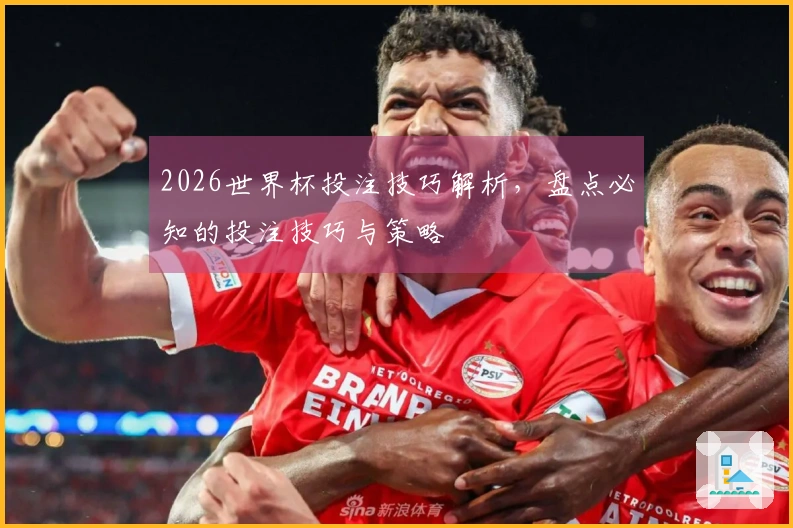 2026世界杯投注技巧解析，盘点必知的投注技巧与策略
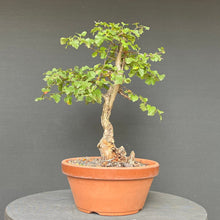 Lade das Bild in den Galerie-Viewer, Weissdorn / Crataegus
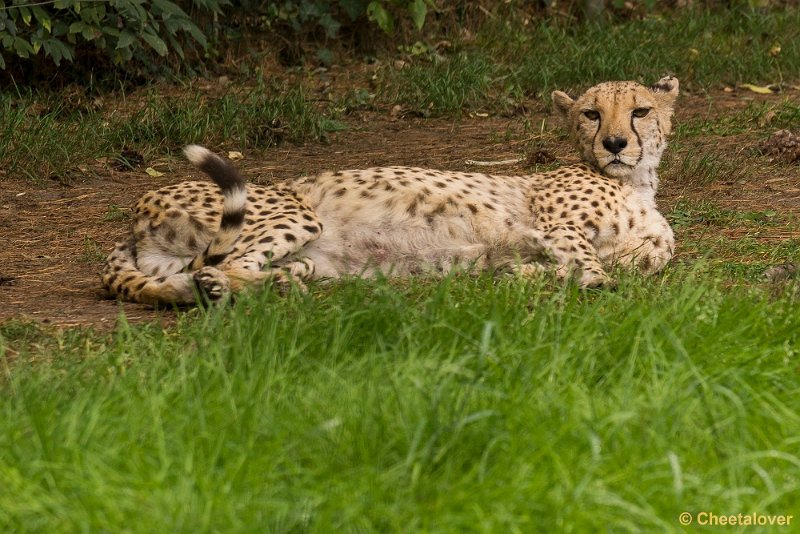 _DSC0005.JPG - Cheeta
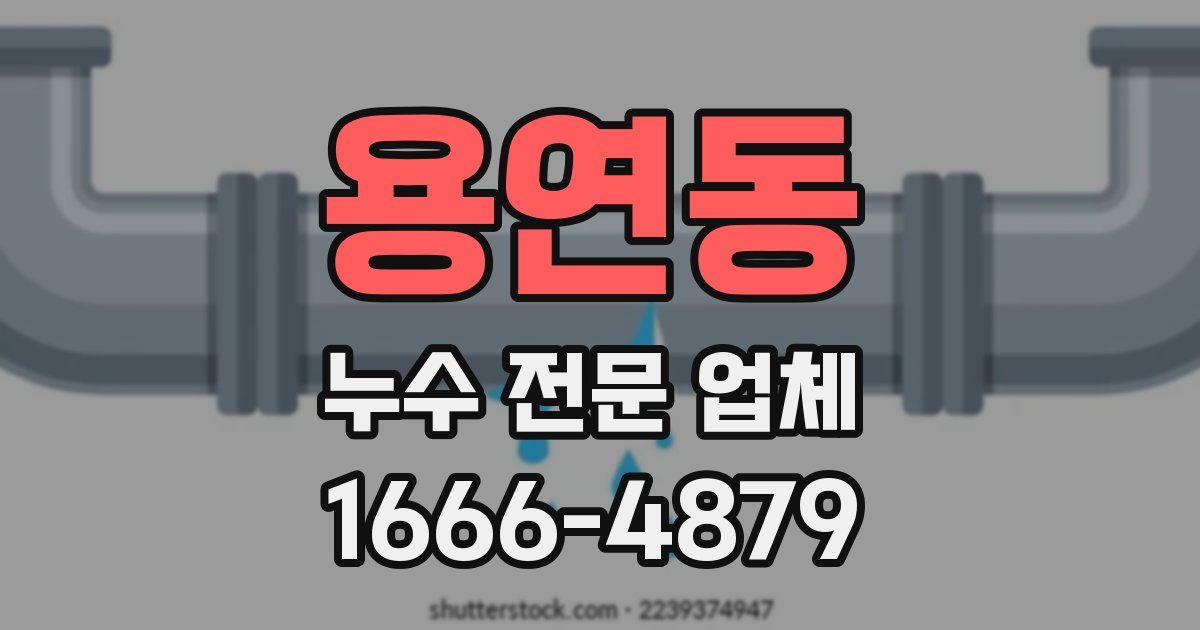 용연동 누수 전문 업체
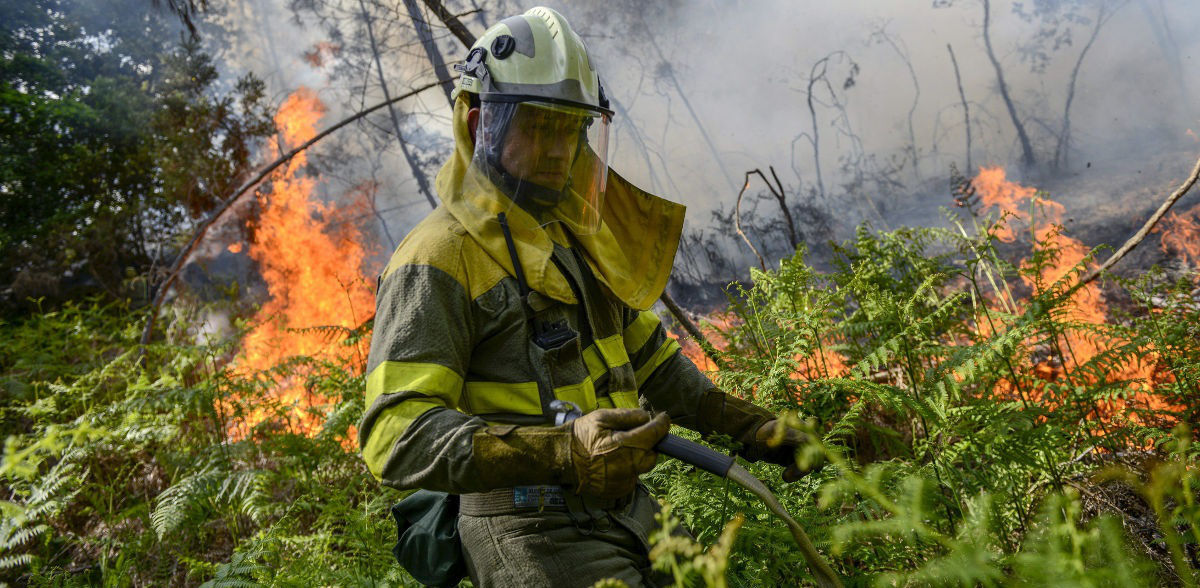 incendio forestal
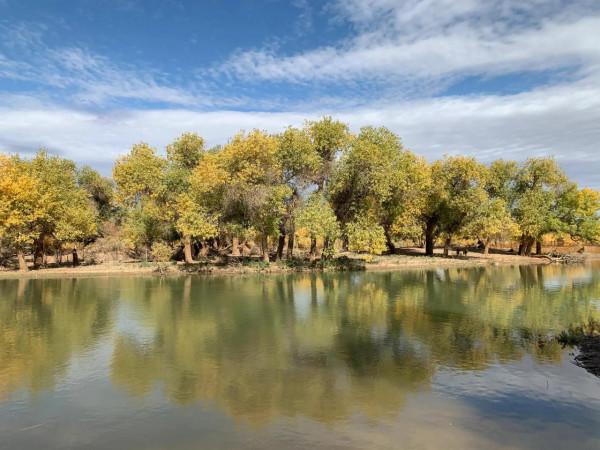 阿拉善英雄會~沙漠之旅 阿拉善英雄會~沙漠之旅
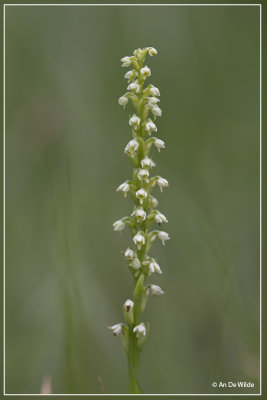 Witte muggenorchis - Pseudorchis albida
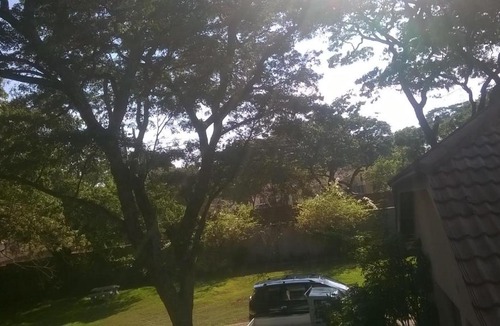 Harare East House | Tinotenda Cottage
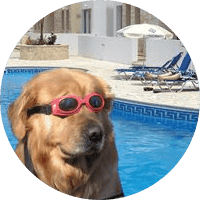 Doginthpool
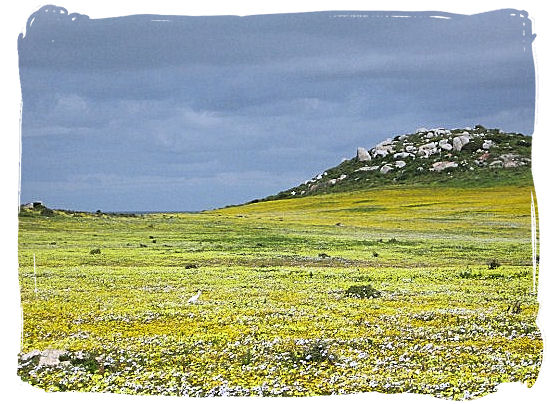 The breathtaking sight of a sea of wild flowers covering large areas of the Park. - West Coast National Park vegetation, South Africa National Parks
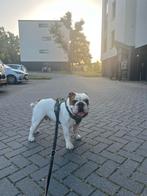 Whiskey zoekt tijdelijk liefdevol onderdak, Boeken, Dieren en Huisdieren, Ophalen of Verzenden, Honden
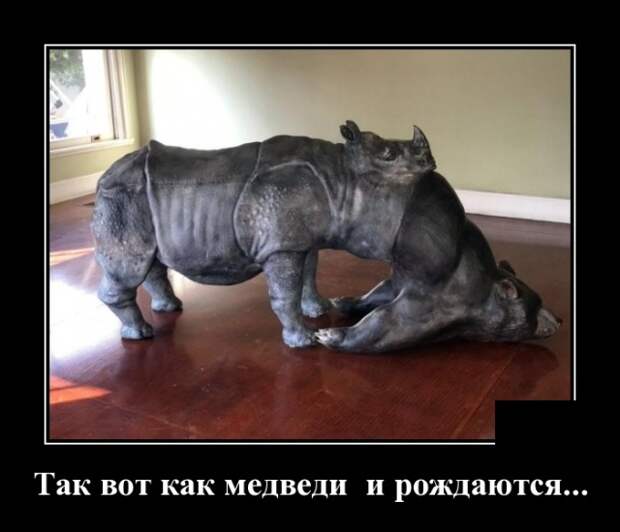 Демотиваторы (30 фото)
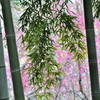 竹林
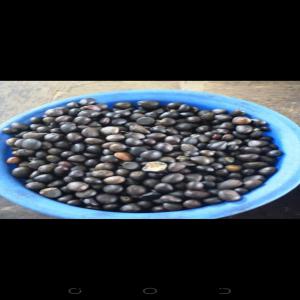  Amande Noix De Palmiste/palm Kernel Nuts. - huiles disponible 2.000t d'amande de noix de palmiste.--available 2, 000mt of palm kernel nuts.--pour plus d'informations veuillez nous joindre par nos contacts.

________

Exercise prompt.
The output should consist of every entry above, printed exactly, with the images removed.

Solution for this task.
 2026世界杯投注技巧解析，盘点必知的投注技巧与策略
 Lade das Bild in den Galerie-Viewer, Weissdorn / Crataegus
 _DSC0005.JPG - Cheeta
 용연동 누수 전문 업체
 incendio forestal
 阿拉善英雄會~沙漠之旅 阿拉善英雄會~沙漠之旅
 Witte muggenorchis - Pseudorchis albida
 Harare East House | Tinotenda Cottage
 Doginthpool
 The breathtaking sight of a sea of wild flowers covering large areas of the Park. - West Coast National Park vegetation, South Africa National Parks
 Whiskey zoekt tijdelijk liefdevol onderdak, Boeken, Dieren en Huisdieren, Ophalen of Verzenden, Honden
 Демотиваторы (30 фото)
 竹林
  Amande Noix De Palmiste/palm Kernel Nuts. - huiles disponible 2.000t d'amande de noix de palmiste.--available 2, 000mt of palm kernel nuts.--pour plus d'informations veuillez nous joindre par nos contacts.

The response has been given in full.